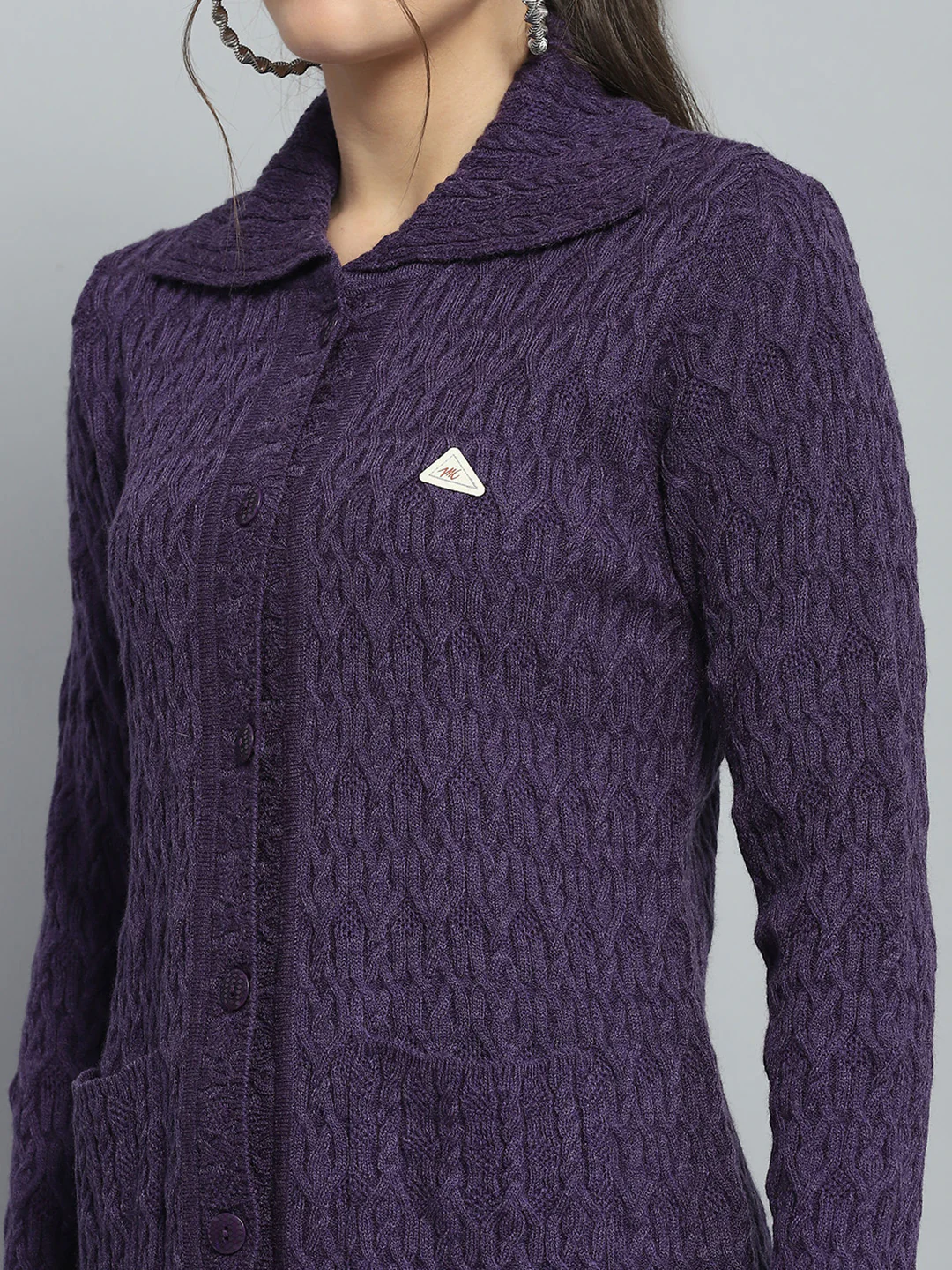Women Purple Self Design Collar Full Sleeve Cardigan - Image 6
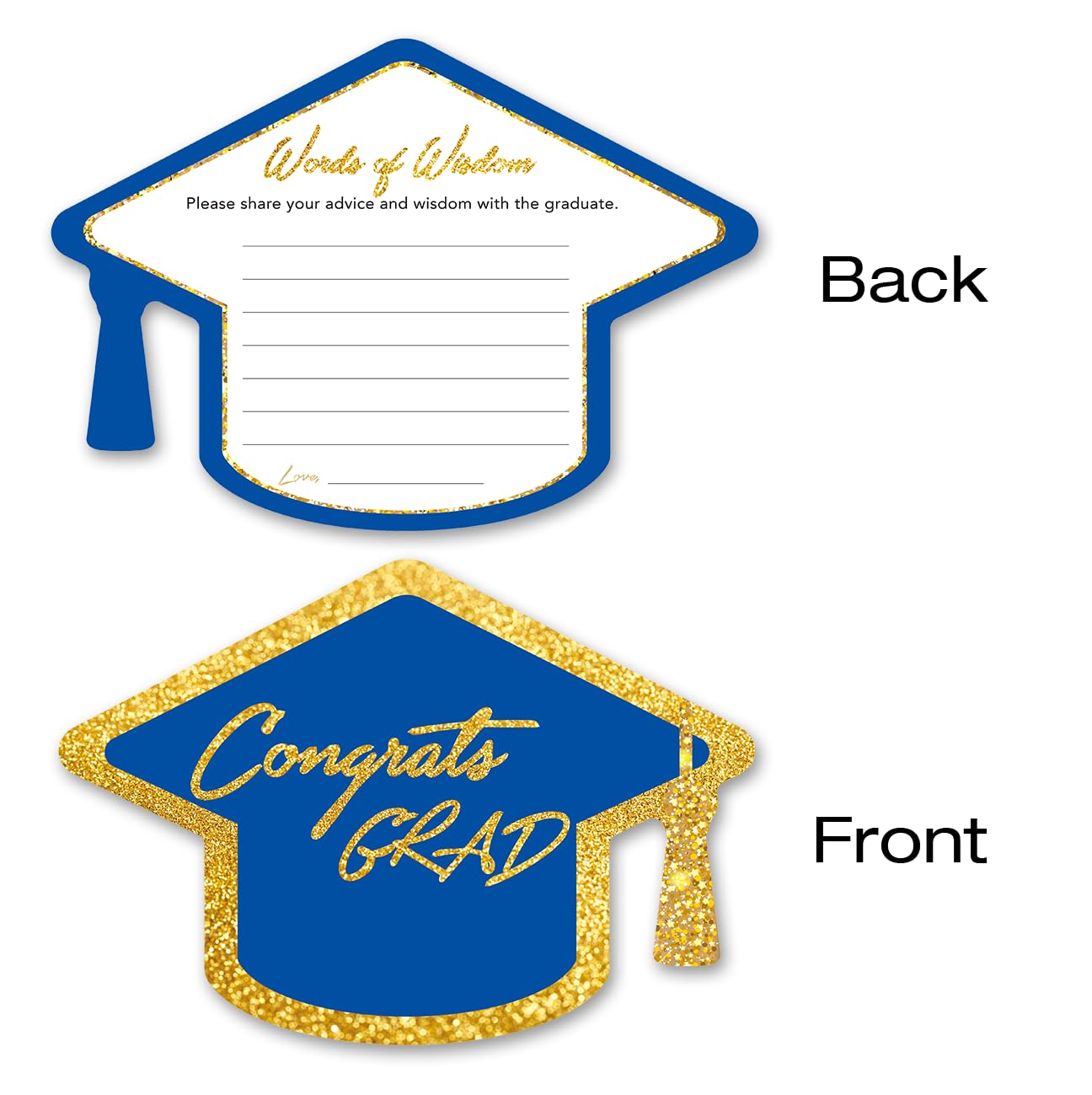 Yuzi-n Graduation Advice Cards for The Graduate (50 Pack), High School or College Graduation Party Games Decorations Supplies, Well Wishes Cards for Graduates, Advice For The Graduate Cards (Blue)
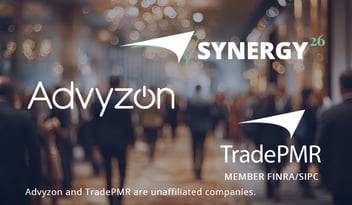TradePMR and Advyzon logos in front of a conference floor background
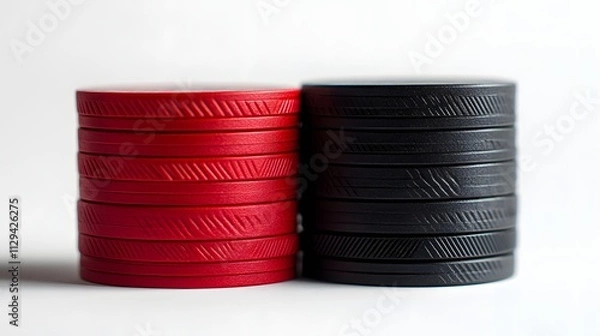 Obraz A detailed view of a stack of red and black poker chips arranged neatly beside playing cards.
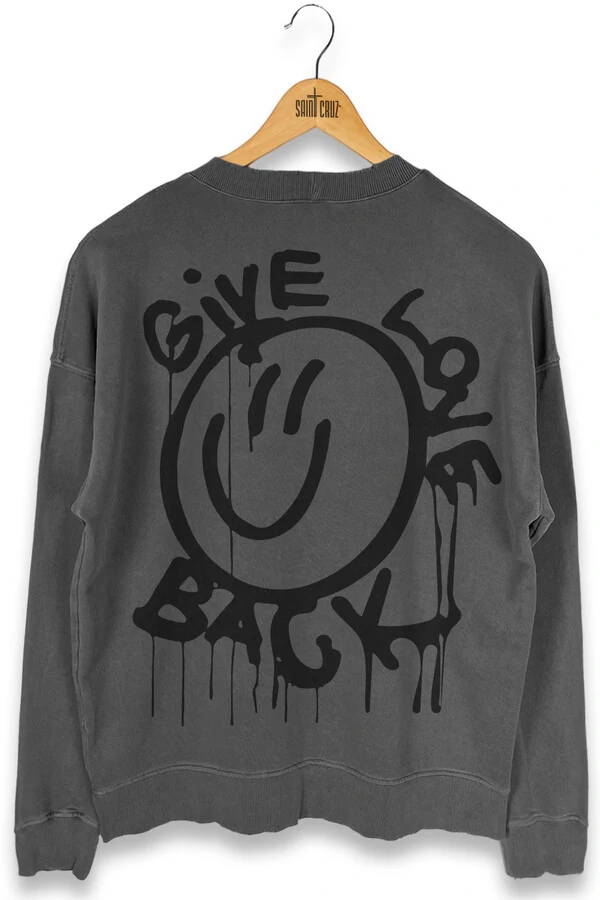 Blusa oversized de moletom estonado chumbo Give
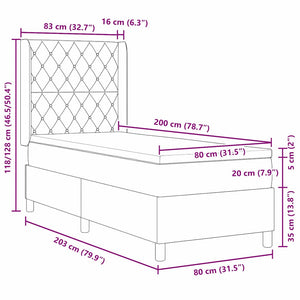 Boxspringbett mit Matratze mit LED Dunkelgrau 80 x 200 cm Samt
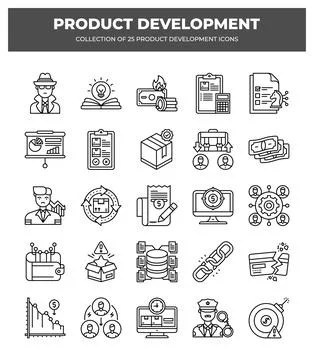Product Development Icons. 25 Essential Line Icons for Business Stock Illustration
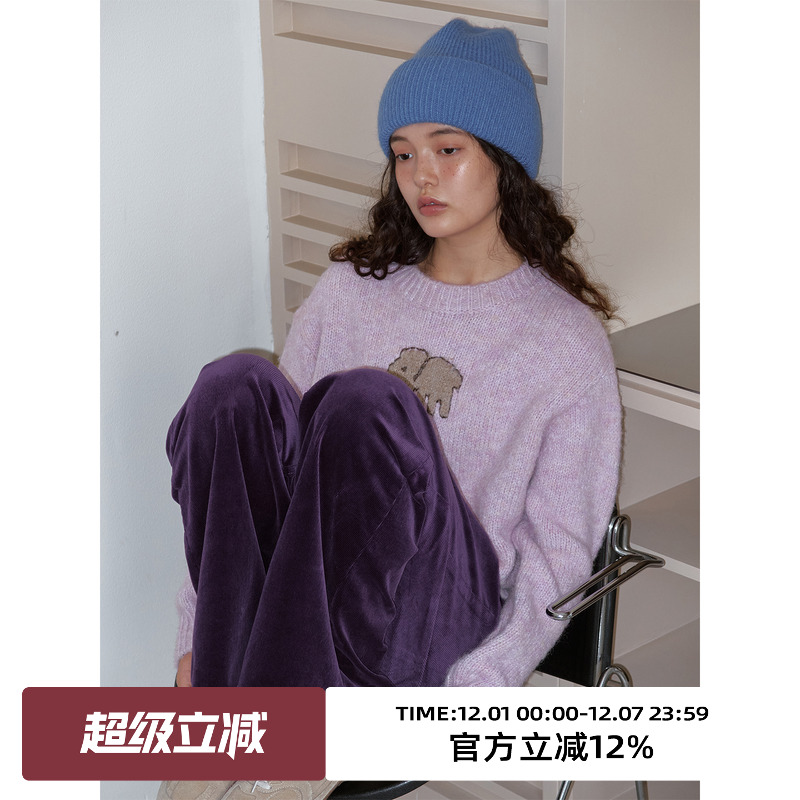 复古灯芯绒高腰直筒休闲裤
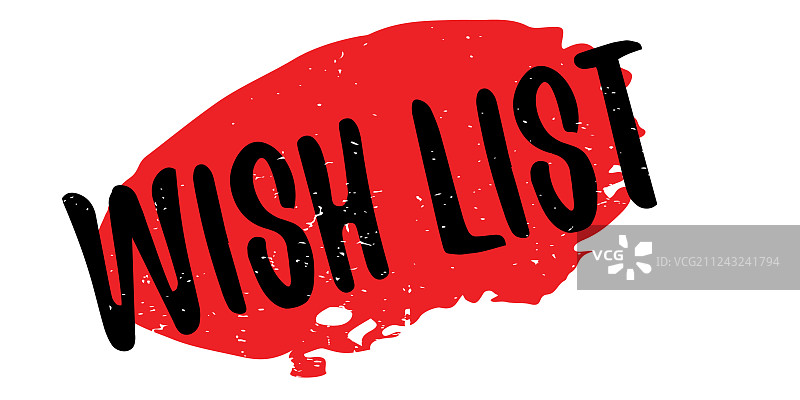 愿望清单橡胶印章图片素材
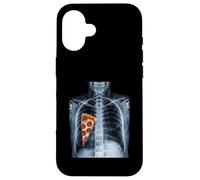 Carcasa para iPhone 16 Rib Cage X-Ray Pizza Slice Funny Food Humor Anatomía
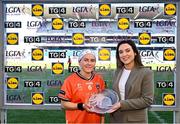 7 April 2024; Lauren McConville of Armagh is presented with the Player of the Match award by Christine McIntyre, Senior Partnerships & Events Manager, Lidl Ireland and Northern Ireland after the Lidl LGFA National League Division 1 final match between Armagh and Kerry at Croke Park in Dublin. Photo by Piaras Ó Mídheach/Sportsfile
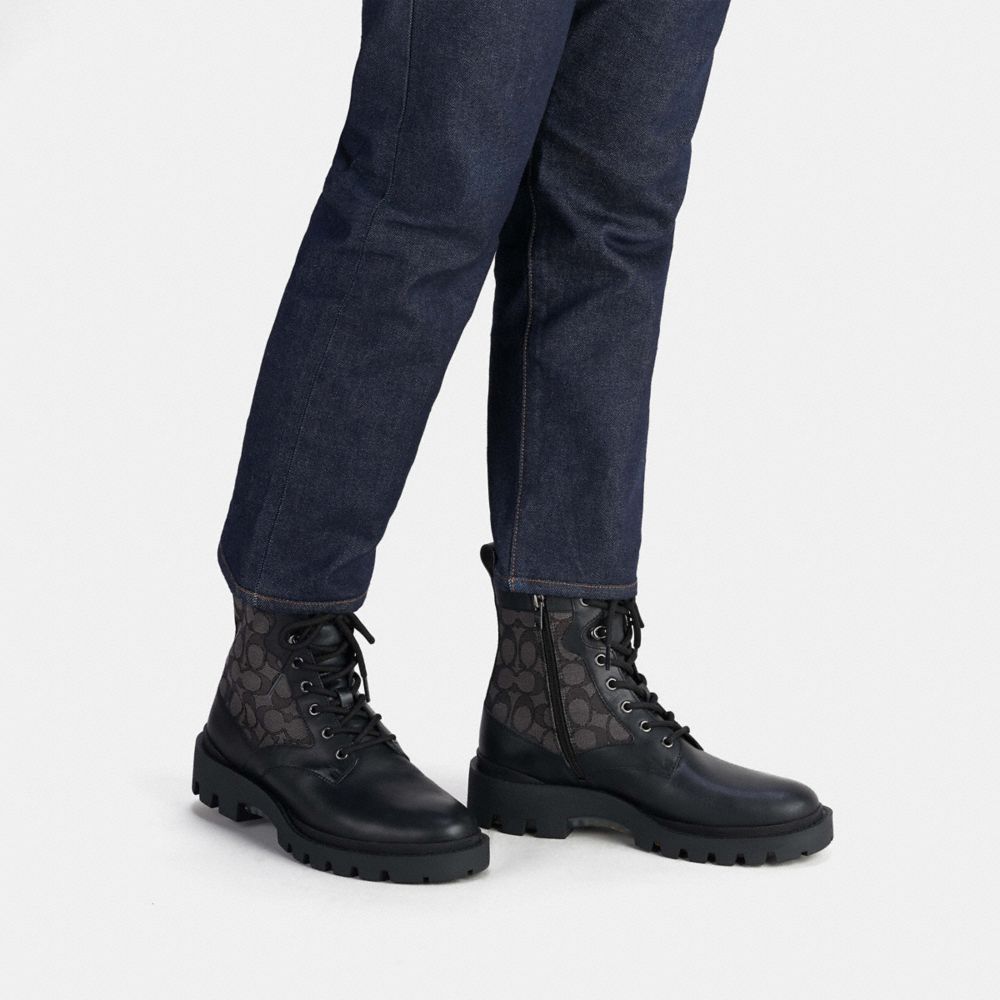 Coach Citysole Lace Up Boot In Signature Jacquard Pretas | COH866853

══════════

### Work to be completed
The answer must be an exact transcription of the lines from the one containing "愿望清单橡胶印章图片素材" through the last line of the records above, both included, with no pictures.

### Expected output
 愿望清单橡胶印章图片素材
 Carcasa para iPhone 16 Rib Cage X-Ray Pizza Slice Funny Food Humor Anatomía
 7 April 2024; Lauren McConville of Armagh is presented with the Player of the Match award by Christine McIntyre, Senior Partnerships & Events Manager, Lidl Ireland and Northern Ireland after the Lidl LGFA National League Division 1 final match between Armagh and Kerry at Croke Park in Dublin. Photo by Piaras Ó Mídheach/Sportsfile
 Coach Citysole Lace Up Boot In Signature Jacquard Pretas | COH866853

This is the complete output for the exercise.